Faster Fractals Through Algebra

I’ve been working on Fractal eXtreme on-and-off for years, and an important (and fun) part of working on it is optimizing the calculation of the Mandelbrot set, especially the high-precision math routines that allow deep-zooming.

After working on this over the course of a decade I assumed that all the easiest optimizations were done, but recently I found a couple of trivial optimizations that I had missed. Here’s one of them.

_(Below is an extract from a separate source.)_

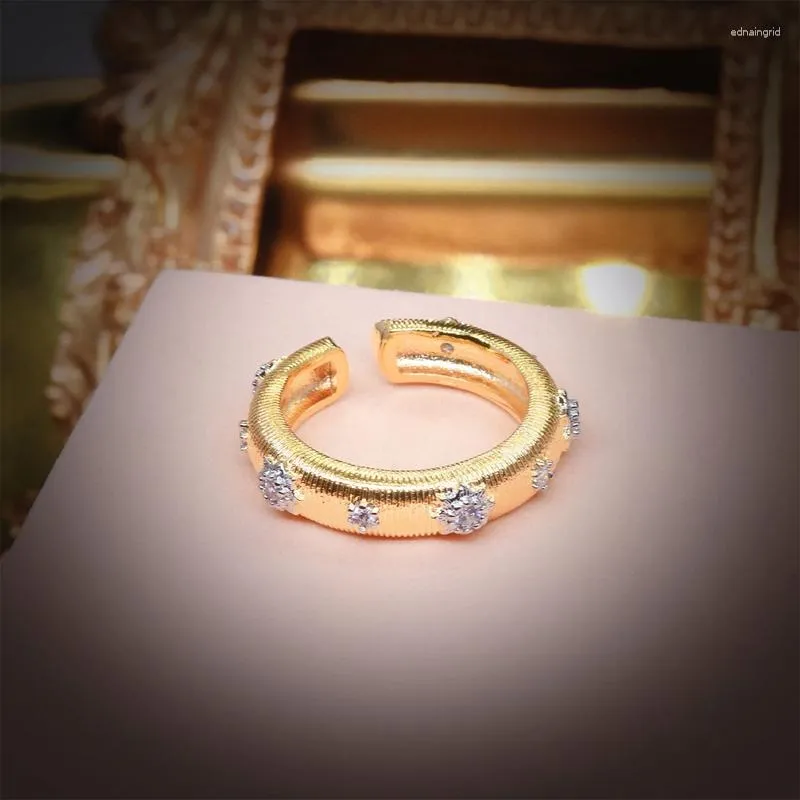 Cluster Rings European American Retro Italian Style Two-color Gold Plated Luxury Women's With Zircon Carved Wire Drawing Ring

Mandelbrot Set Math Primer

The Mandelbrot set is calculated by setting the complex number ‘c’ to the location of the point you want to calculate and then executing the following loop:

z = 0;
while (abs(z) <= 2.0)
    z = z * z +c;

If the loop never exits then the point is in the Mandelbrot set. Simple enough. Practical considerations necessitate adding a limit to how many times the loop runs before giving up the search, but I’m going to ignore that for the sake of elegance and simplicity.

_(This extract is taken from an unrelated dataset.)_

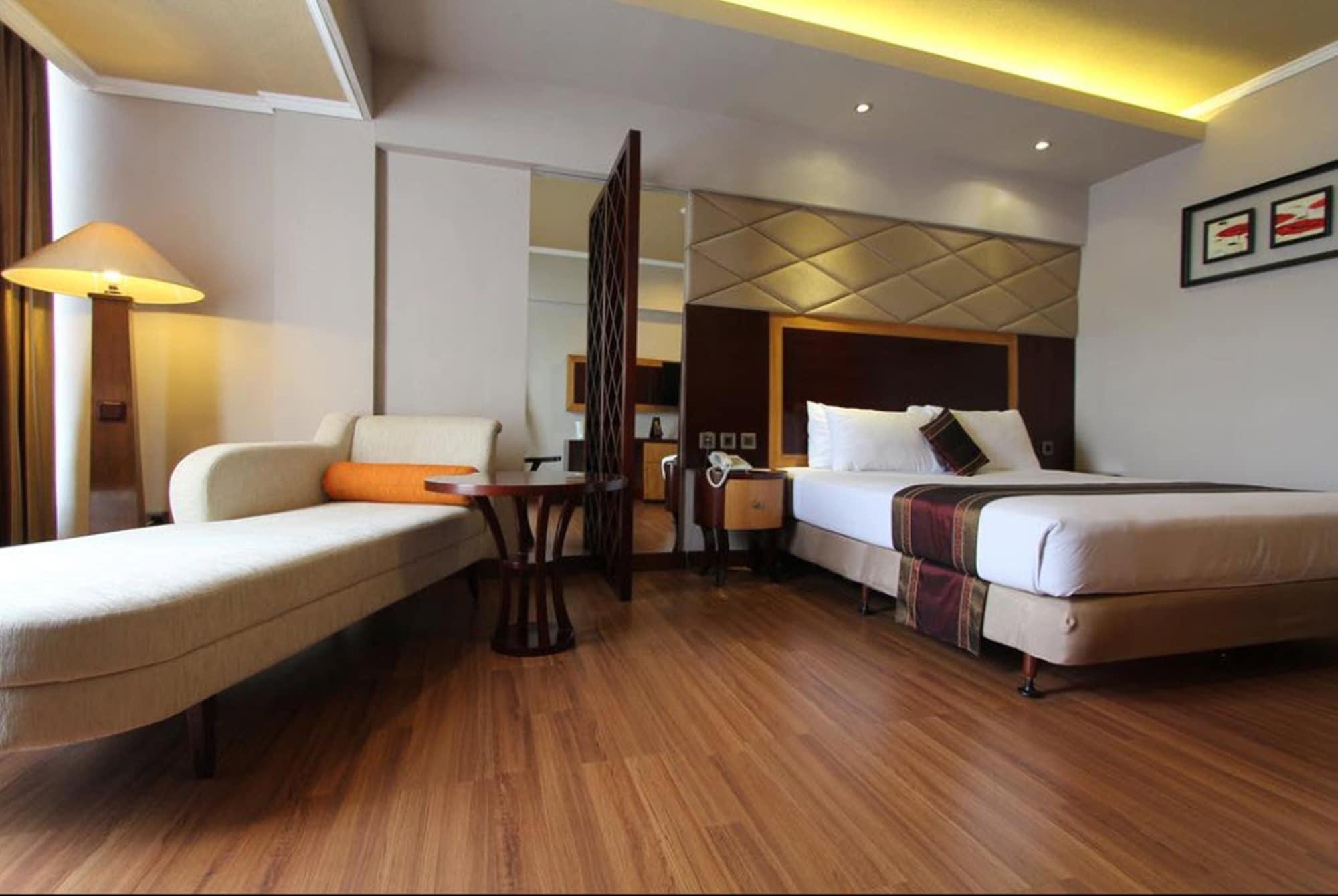 Regent'S Park Hotel Malang Exterior photo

The Unzoomed Mandelbrot set:

image

Since z and c are complex numbers we have to store each one as two components and expand out operations like multiplication to multiple operations on those components. I’m not going to review complex math, but I will point out that abs(complex) is equal to the square root of (real * real + imaginary * imaginary) and if you square both sides you can avoid the square root. With that in mind a more detailed version would be:

z.r = 0;
z.i = 0;
while (z.r * z.r + z.i * z.i < 4.0)
{
    temp = z.r * z.r – z.i * z.i + c.r;
    z.i = z.r * z.i * 2 + c.i;
    z.r = temp;
}

That’s correct but it’s not very efficient. The code does six multiplications and at high-precisions those are very expensive. It squares z.r and z.i twice each, and it multiplies by two. All of those can be avoided:

z.r = 0;
z.i = 0;
zrsqr = z.r * z.r;
zisqr = z.i * z.i;
while (zrsqr + zisqr < 4.0)
{
    z.i = z.r * z.i;
    z.i += z.i; // Multiply by two
    z.i += c.i;
    z.r = zrsqr – zisqr + c.r;
    zrsqr = square(z.r);
    zisqr = square(z.i);
}

Now the code is doing three multiplies per iteration, which is the minimum. So it’s perfect, and all we have to worry about is making sure that all of our basic operations – especially squaring and multiplication – are as fast as possible.

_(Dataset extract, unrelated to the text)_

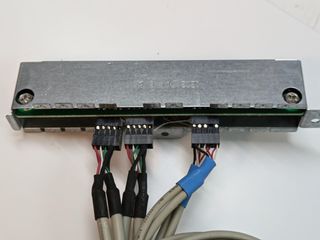 HP Pavilion 1B03 5WY G B Front Panel I/O anteriore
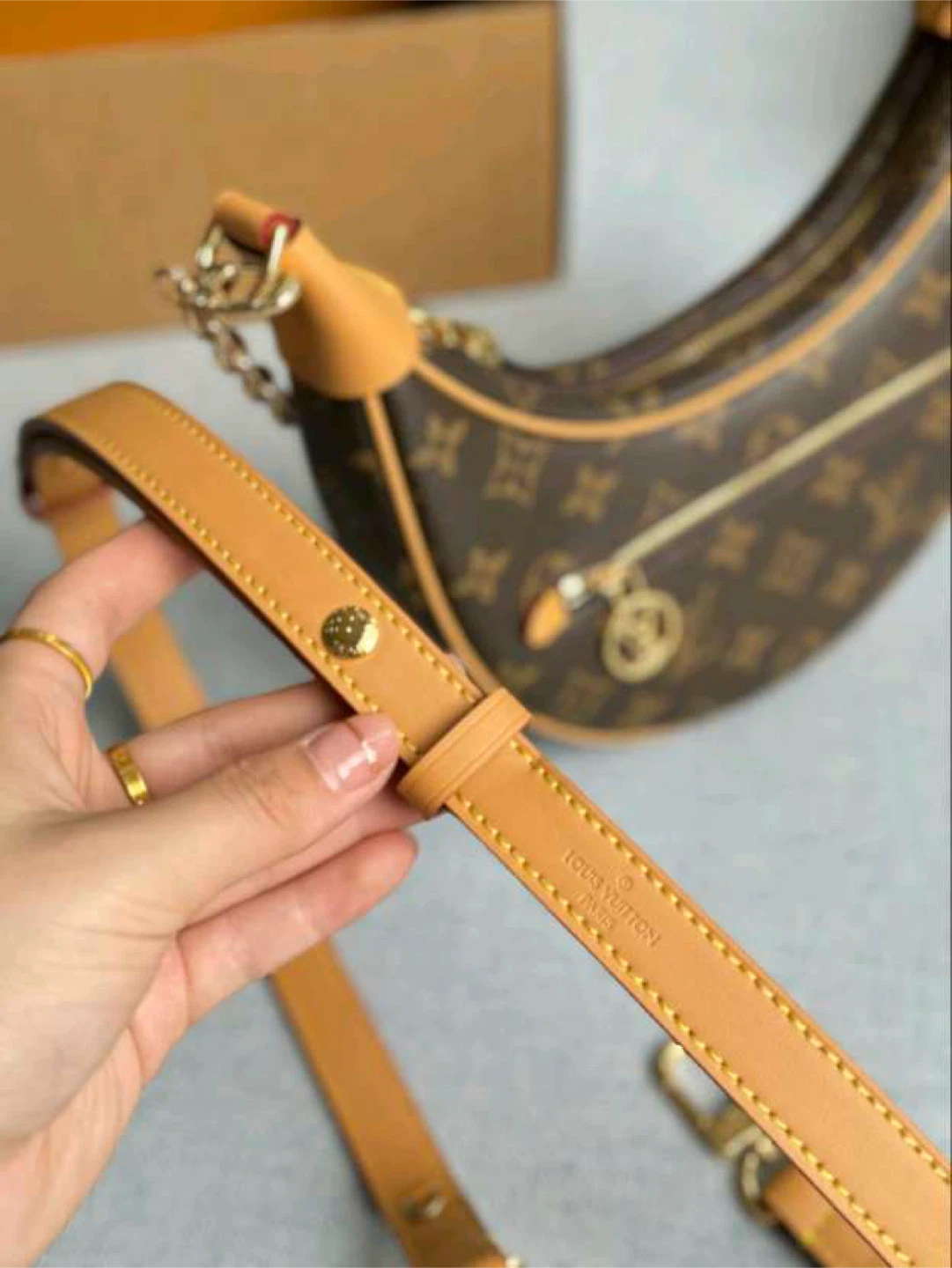 Louis Vuitton Monogram loop Bag - photo 4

When using floating-point math the speed of addition, subtraction, and multiplication are generally identical. However floating-point math has only about 52 bits of precision which is woefully inadequate for serious fractal exploration. All of my fractal programs have featured high-precision math routines to allow virtually unlimited zooming. Fractal eXtreme supports up to 7,680 bits of precision. While this isn’t truly unlimited it is close enough because fractal calculation time generally increases as the cube of the zoom level, and even on the fastest PCs available it exceeds most people’s patience between 500 and 2,000 bits of precision.

The speed of squaring and multiplication is critical because they are O(n^2) operations and everything else is O(n). As ‘n’ (the number of 32-bit or 64-bit words) increases, the time to do the multiplications becomes the only thing that matters. Okay, at high precisions multiplication doesn’t have to be O(n^2), but the alternatives are a lot of work for uncertain gain, so I’m ignoring them.

While multiplication and squaring are both O(n^2) it turns out that squaring can be done roughly twice as fast as multiplication. Half of the partial results when squaring are needed twice, but only need to be calculated once.

All the information necessary to find the algebraic optimization is now available.

The observation (which came from somebody I know only through e-mail) was that the Mandelbrot calculations can be done using three squaring operations rather than two squares and a multiply.

The one multiply is used to calculate zr * zi. If we instead calculate (zr + zi)^2 then we get zr^2 + 2*zr*zi + zi^2. Since we’ve already calculated zr^2 and zi^2 we can just subtract them off and, voila, multiplication through squaring:

z.r = 0;
z.i = 0;
zrsqr = z.r * z.r;
zisqr = z.i * z.i;
while (zrsqr + zisqr < 4.0)
{
    z.i = square(z.r + z.i) – zrsqr – zisqr;
    z.i += c.i;
    z.r = zrsqr – zisqr + c.r;
    zrsqr = square(z.r);
    zisqr = square(z.i);
}

At low precisions this is inefficient because we are doing an extra add and an extra subtract. However as ‘n’ grows larger this change should give us a 33% speedup. At Fractal eXtreme’s peak precision of 7,680 bits I’ve measured a speedup of about 25.6% so the theoretical predictions appear to be reasonably accurate.

Charts are fun – let’s paste one in (higher is slower):

image

Fitting the performance of the 32-bit version on the chart makes it hard to see the difference between the two 64-bit versions, so let’s rescale:

image

This post was supposed to show the benefits of optimization-through-algebra, but the charts really make the case for the importance of 64-bit software when doing high-precision math. At the highest precisions the fastest 64-bit version is running 7.75x faster than the 32-bit version. Yikes.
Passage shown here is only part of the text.